(Ilustración: Víctor Aguilar Rúa).
(Ilustración: Víctor Aguilar Rúa).
Roberto Abusada Salah

En 1990 el Perú inició un cambio diametral de régimen económico que lo llevó de ser un país fallido a convertirse en lo que algunos llamaron ‘la estrella económica latinoamericana’. Cuando se analizan las causas de este dramático vuelco es fácil poner en el primer lugar el hecho de que el Perú se encontraba al borde del abismo. Alberto Fujimori pretendió cumplir su promesa electoral de oposición al shock económico de Mario Vargas Llosa, viajó a Japón a pedir dinero, y los japoneses lo enviaron directo al FMI. Pragmático hasta la médula, Fujimori despidió a su equipo económico ‘gradualista’ y enlistó a quienes pondrían en práctica el duro shock que a la postre rescataría al país de ese abismo. El nivel de pobreza se redujo a la tercera parte.

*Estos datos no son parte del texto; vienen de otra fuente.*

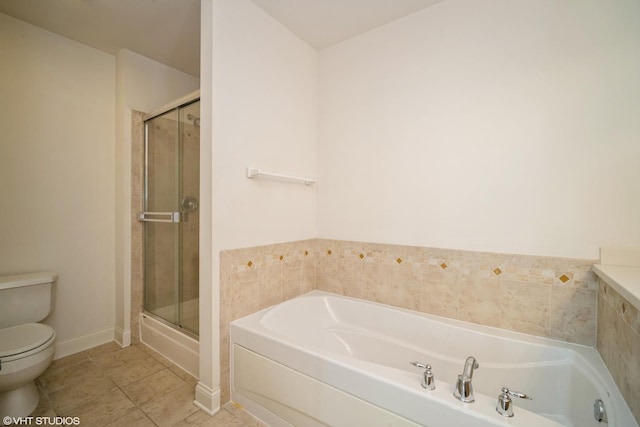 2700 Summit Dr Unit 307, Glenview, IL 60025 - full bath featuring a garden tub, toilet, a shower with shower door, and tile patterned flooring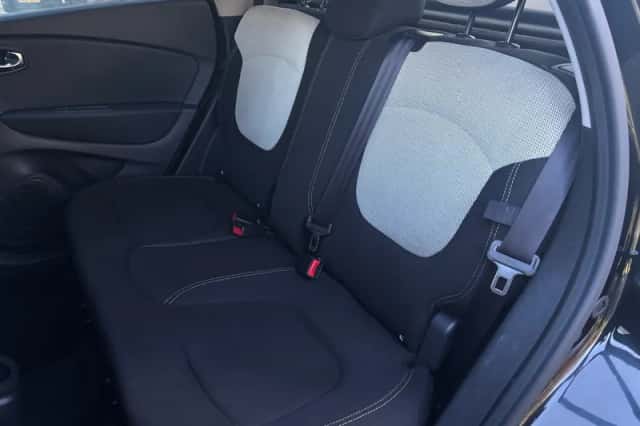 Renault Captur (2017) thumbnail 6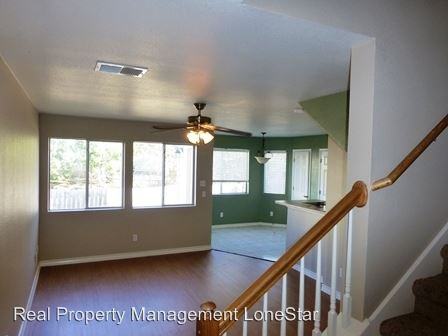 1508 Parkfield Cir - Photo 2 of 14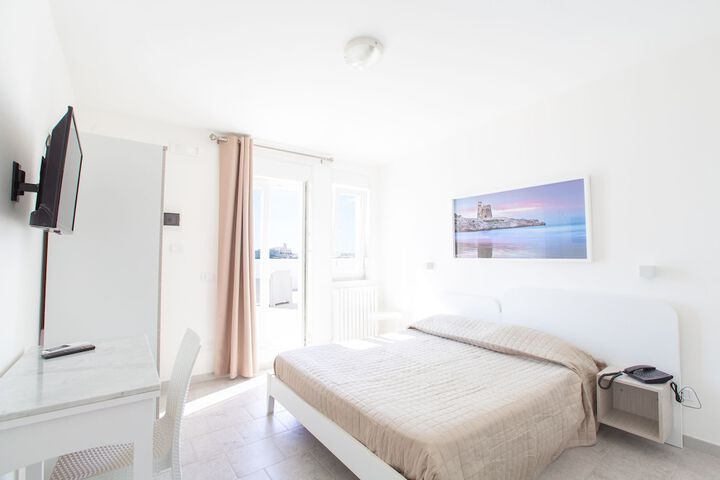 Room 10 of 56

Resulta irónico que hoy las escuchas telefónicas autorizadas para investigar a una banda de narcotraficantes en el Callao hayan provocado la crisis que puede abrir la oportunidad para realizar reformas institucionales fundamentales para franquear el insuficiente crecimiento económico.

En realidad, los audios solo han mostrado en tecnicolor lo que todos los peruanos habíamos ya visto en nublado blanco y negro. Pero, al igual que con el régimen económico previo a la década de 1990, ha sido la certeza vívida de una indignante e insoportable situación lo que ha empujado a la clase política a emprender el cambio. Sin embargo, existe el peligro de que el presidente y quienes se han proclamado líderes del cambio se arriesguen a hipotecar la oportunidad de impulsar un shock reformador en aras de obtener popularidad de corto plazo. Solo así se explican las iniciativas populistas como aquellas de proponer una reforma política en donde se introducen la no reelección parlamentaria, la paridad de género en las listas congresales, o limitar el número total de representantes en el . El presidente no parece apreciar la enorme oportunidad de reforma institucional que se ha presentado, ni los dividendos que un verdadero shock de reforma institucional traerían a la nación entera.

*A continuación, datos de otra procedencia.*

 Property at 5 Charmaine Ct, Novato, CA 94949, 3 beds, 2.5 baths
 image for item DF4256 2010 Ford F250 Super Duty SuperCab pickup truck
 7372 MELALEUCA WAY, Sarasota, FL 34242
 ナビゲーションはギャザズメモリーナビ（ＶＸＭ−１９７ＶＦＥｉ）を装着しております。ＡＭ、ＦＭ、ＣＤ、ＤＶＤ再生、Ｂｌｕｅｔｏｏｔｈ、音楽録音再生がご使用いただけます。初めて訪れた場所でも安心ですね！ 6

Se ha abierto una oportunidad para ir mucho más allá de la reforma del sistema de justicia. Por ejemplo, se puede mitigar el efecto de las fuerzas centrífugas desatadas por la regionalización. Un Senado elegido en distrito único se hace imprescindible. Un Senado que defienda el carácter unitario de la nación y mitigue el desgobierno que ha generado la existencia de 26 regiones. Se debe también tener una Cámara de Diputados mayor a 100 miembros y un Senado de más de los 30 miembros propuestos, sin elevar el actual presupuesto del Congreso. Una cámara con más de 100 integrantes haría que la propuesta de elegir diputados en microrregiones sea más representativa. Por otro lado, la renovación de la mitad congresal cada dos años y medio, a diferencia de la no reelección, sí traería mayor calidad al Parlamento. Además, la instauración de la segunda vuelta electoral para la elección del Congreso daría más legitimidad a los representantes, y evitaría en gran medida casos como el de tener un presidente con exiguo apoyo congresal.

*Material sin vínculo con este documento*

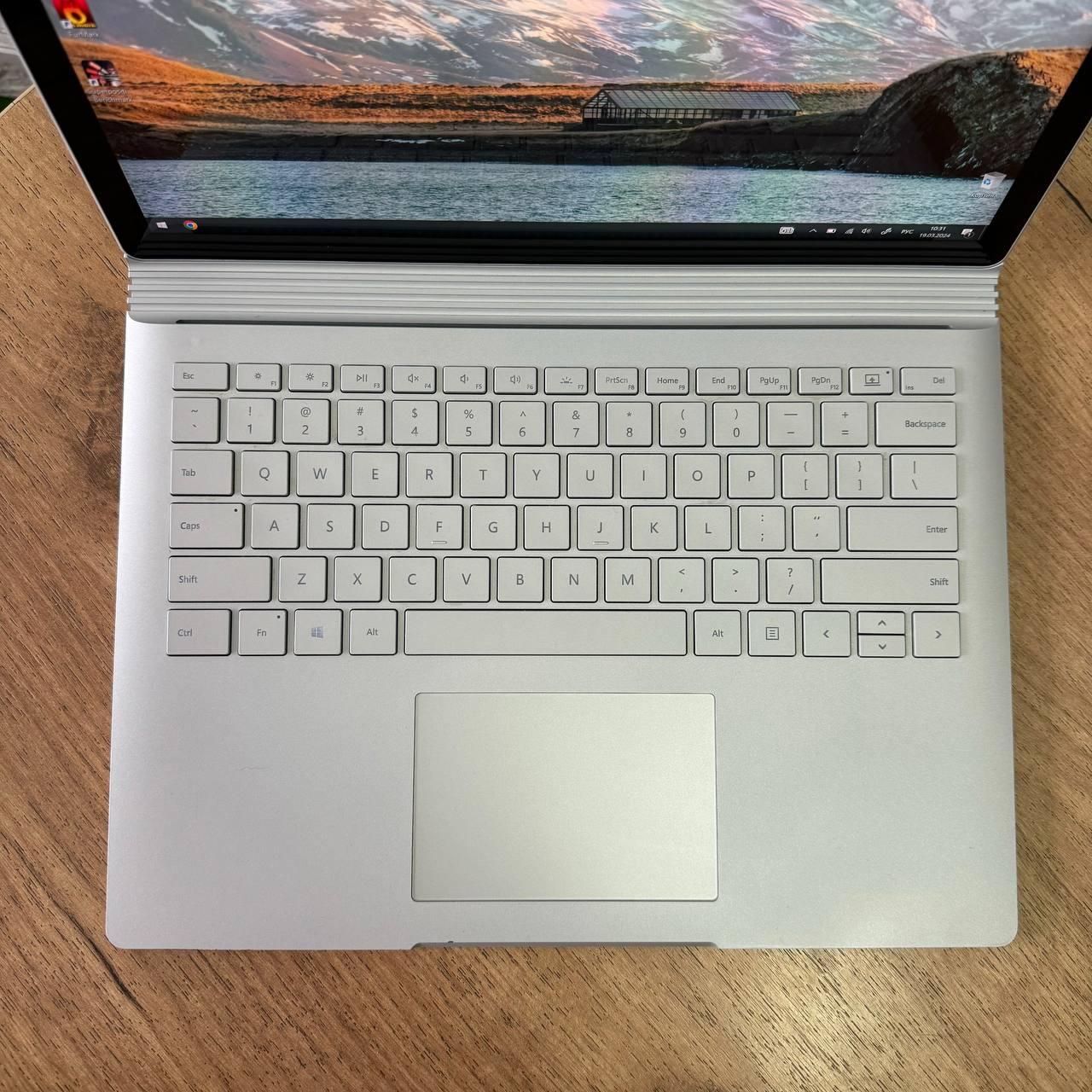 Сенсорний Microsoft Surface Book 2 13.5''(3000x2000) IPS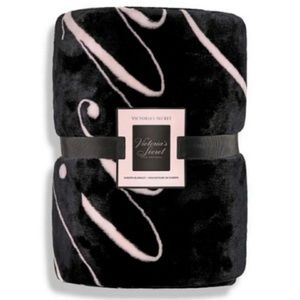Victoria Secret Black Sherpa Blanket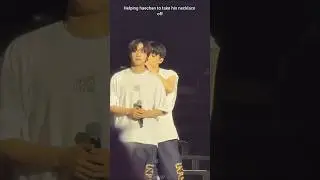 Mark is all about act of service to his baby 💚 #markhyuck #nct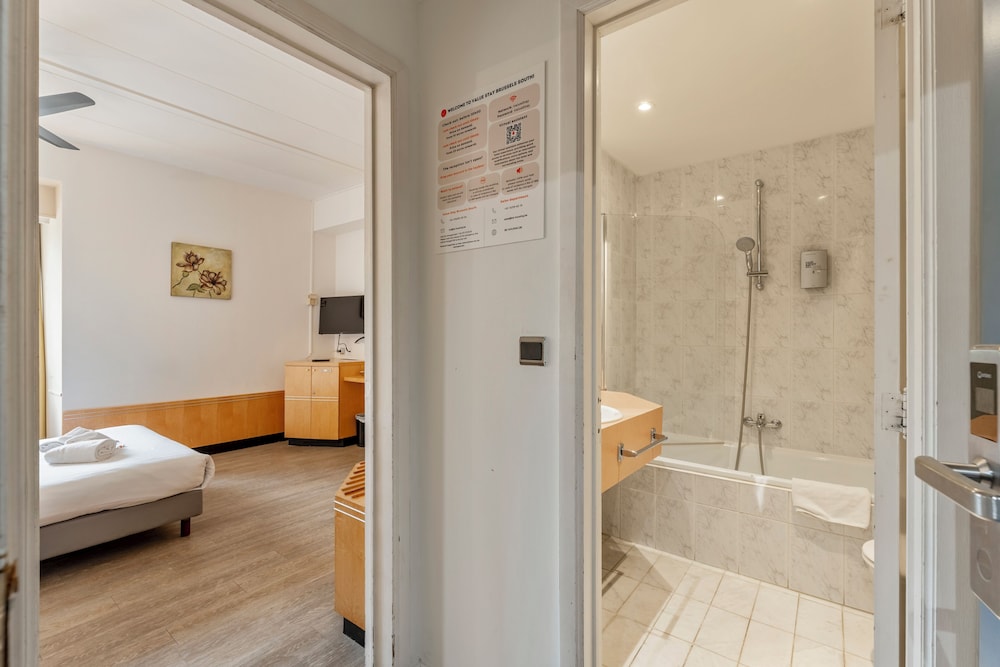 Basic Double Room - Photo 3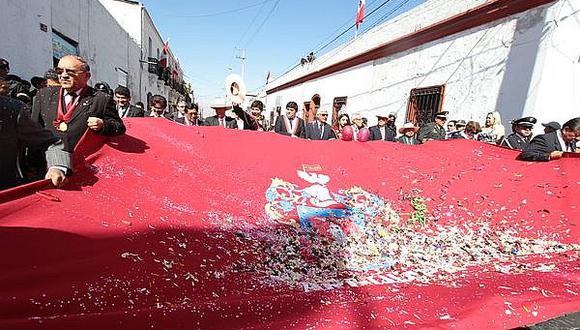 Estandarte y Bandera de Arequipa  se lució en las calles 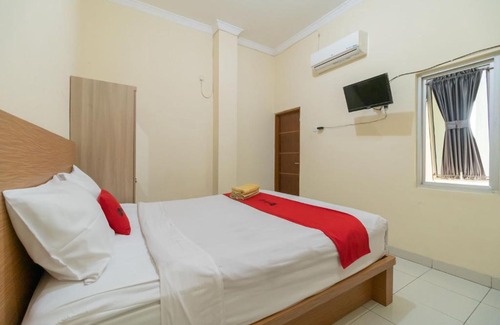 Sukarami Hotel | RedDoorz @ Jalan Kolonel Haji Burlian Palembang 2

Además de revisar y aprobar el presupuesto, el Senado debería también tener la facultad de revisar las decisiones interpretativas del Tribunal Constitucional, y evitar así que este desvirtúe su función al emitir fallos interpretativos con adición de conceptos ausentes en la Constitución, arrogándose ilegalmente la facultad de legislar. De otro lado, el Senado no debería tener iniciativa legislativa, mas sí la facultad de veto ante la que la Cámara de Diputados solo podría insistir pasado un año.

Además de eliminar el voto preferencial, la reforma debería instaurar el voto voluntario. Resulta contradictorio que votar sea a la vez un deber y un derecho. En la mayoría de países el voto es voluntario. En Latinoamérica, el voto compulsivamente obligatorio existe únicamente en el Perú, Argentina, Brasil y Ecuador. Una fórmula intermedia podría ser la de simplemente eliminar la multa por no votar.

En un estado de indignación popular como el presente, un ambiente de clara cooperación entre Congreso y Ejecutivo para llevar adelante un ambicioso programa de reformas institucionales tendrá el efecto colateral de mejorar la popularidad de ambos. No interesa si todas las reformas se hacen con referéndum o con dos votaciones y voto calificado. La importancia del momento actual consiste en el hecho de que se ha abierto una oportunidad para las reformas institucionales que normalmente son difíciles de llevar a cabo. Esta ventana de oportunidad puede dar cabida a reformas que van más allá de la política y la judicial; una oportunidad que un estadista haría mal en desaprovechar.